祐川金次郎先生は雪印乳業の研究所から帯広畜産大学の畜産物利用学教室教授となった方です。「酪農、乳業も停滞傾向を示していることから(中略)省力化、合理化をはかり消費向上に結びつける」とし、近代設備による製造を解説しています。
多くのデータを掲載した乳業全般の概論的大著でありながら、製造機器の図解などはわかりやすく、興味深いものです。おそらくは雪印乳業の、ポイントをおさえたチーズ製造現場の写真もとてもわくわくします。

そして、パネルでも目立つ位置に紹介されていたのが『実務必携 乳業技術綜典 諸図表計算』(林弘道編監修 酪農技術普及学会 1977)でした。
林弘道先生は、やはり雪印乳業の研究所から東京農業大学へ転じ、食品工学や技術史に関する研究や教育に従事されました。出版当時は雪印乳業技術研究所・札幌研究室長であり、他の執筆者13名もすべて雪印乳業の技術者でした。

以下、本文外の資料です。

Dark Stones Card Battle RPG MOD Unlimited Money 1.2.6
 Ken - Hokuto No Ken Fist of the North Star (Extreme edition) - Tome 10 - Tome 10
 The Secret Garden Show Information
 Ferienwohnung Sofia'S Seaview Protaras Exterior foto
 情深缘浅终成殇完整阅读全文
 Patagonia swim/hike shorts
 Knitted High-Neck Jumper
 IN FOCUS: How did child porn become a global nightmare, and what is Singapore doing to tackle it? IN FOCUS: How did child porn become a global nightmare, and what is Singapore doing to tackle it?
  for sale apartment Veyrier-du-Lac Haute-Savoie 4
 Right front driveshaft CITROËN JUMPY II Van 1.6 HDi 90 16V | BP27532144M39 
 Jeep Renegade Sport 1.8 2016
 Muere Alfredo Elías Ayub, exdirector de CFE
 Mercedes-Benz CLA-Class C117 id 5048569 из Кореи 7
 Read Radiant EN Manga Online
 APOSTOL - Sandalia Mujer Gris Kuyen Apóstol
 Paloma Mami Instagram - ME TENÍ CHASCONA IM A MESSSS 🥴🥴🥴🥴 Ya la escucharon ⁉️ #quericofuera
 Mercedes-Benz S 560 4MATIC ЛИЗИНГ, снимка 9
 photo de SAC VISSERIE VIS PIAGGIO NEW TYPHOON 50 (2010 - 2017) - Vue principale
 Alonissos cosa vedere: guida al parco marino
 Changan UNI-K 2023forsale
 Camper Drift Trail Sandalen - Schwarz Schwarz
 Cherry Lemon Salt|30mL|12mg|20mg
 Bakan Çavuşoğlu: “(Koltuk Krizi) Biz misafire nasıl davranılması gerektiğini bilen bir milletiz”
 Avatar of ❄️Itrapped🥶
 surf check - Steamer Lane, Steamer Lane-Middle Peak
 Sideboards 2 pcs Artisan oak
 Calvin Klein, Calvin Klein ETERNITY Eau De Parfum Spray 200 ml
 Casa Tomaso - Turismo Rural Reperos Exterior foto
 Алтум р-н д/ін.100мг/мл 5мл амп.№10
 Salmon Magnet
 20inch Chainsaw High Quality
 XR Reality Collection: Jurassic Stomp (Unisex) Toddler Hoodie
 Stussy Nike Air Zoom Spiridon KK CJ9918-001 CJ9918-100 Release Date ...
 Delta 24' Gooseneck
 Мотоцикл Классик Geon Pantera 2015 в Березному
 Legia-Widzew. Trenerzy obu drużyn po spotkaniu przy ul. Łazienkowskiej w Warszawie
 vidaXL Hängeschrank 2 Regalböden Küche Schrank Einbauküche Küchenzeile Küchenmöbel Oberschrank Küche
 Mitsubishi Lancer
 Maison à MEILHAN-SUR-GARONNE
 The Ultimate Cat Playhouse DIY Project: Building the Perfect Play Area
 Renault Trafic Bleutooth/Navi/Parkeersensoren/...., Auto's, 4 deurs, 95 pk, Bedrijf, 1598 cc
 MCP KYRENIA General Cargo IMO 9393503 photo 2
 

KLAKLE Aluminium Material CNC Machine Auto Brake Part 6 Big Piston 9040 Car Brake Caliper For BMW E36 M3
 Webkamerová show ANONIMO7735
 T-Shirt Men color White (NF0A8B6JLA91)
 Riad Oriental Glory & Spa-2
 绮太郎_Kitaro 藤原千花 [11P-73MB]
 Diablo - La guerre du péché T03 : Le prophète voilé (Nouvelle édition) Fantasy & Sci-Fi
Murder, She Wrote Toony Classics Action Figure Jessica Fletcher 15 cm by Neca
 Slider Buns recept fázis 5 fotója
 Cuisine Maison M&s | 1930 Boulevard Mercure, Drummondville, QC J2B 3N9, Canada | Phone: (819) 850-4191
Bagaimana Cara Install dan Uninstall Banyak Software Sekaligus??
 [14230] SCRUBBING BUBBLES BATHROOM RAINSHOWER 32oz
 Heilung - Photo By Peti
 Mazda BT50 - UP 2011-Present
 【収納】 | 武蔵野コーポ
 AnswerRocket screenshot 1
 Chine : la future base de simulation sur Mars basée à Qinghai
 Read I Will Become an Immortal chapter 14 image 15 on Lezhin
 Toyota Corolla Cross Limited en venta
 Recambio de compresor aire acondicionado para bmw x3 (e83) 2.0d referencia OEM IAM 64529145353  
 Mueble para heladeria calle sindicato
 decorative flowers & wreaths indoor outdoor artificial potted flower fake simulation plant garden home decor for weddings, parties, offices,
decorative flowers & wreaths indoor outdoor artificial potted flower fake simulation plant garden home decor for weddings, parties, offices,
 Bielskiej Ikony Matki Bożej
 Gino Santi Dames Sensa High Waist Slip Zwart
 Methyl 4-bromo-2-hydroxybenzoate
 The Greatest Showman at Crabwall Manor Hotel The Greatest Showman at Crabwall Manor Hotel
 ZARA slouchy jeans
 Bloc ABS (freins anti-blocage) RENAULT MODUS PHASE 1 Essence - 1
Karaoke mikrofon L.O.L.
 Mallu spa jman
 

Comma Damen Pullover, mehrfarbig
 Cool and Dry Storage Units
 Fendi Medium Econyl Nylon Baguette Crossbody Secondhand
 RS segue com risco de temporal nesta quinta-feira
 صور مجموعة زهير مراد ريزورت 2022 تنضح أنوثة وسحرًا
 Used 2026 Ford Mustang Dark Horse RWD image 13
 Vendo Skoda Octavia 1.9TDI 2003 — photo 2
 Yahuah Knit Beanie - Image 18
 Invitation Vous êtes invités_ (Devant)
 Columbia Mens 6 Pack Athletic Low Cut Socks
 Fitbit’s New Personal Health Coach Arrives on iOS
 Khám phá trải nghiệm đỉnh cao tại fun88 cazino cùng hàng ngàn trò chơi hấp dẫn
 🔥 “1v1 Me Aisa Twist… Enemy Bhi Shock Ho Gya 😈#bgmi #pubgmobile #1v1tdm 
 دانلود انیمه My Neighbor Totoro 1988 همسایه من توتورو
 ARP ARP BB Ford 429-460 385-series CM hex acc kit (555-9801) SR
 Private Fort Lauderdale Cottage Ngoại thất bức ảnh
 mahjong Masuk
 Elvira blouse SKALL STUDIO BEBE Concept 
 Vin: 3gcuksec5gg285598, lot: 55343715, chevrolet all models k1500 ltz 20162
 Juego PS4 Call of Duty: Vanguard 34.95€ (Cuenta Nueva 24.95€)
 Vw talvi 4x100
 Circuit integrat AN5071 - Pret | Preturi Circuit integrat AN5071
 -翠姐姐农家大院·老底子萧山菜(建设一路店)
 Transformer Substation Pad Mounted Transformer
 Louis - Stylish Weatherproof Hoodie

副題の通り、図表を多用して理論を解説し、現場で必要な計算方法を細かく示しています。チーズについては、各タイプの製造工程や分析値の比較がおもしろく、「製造上の問題点」では苦味や膨張の原因と対策など、現在でも十分参考になる記述がたくさん見られます。
この『便覧』と『綜典』、何度かチーズ工房さんの書棚にあるのを目撃したこともあります。
ぼくも学生時代に研究室で競うようにこれらを読んだことで、見知らぬチーズへの興味が深まりました。チーズの章は特に小口が汚れて色が変わっていたのをよく覚えています。でも学生には専門書は高価で、研究室か図書館で読むものであり、自分で入手するなど考えたことがありませんでした。
あれから幾年月、気づけば古本が格安で販売されていて、ぼくが『乳業技術綜典』上下巻セットを購入したのは2010年代のことでした。ネットオークションで500円程度とは、ちょっと複雑な気分でした。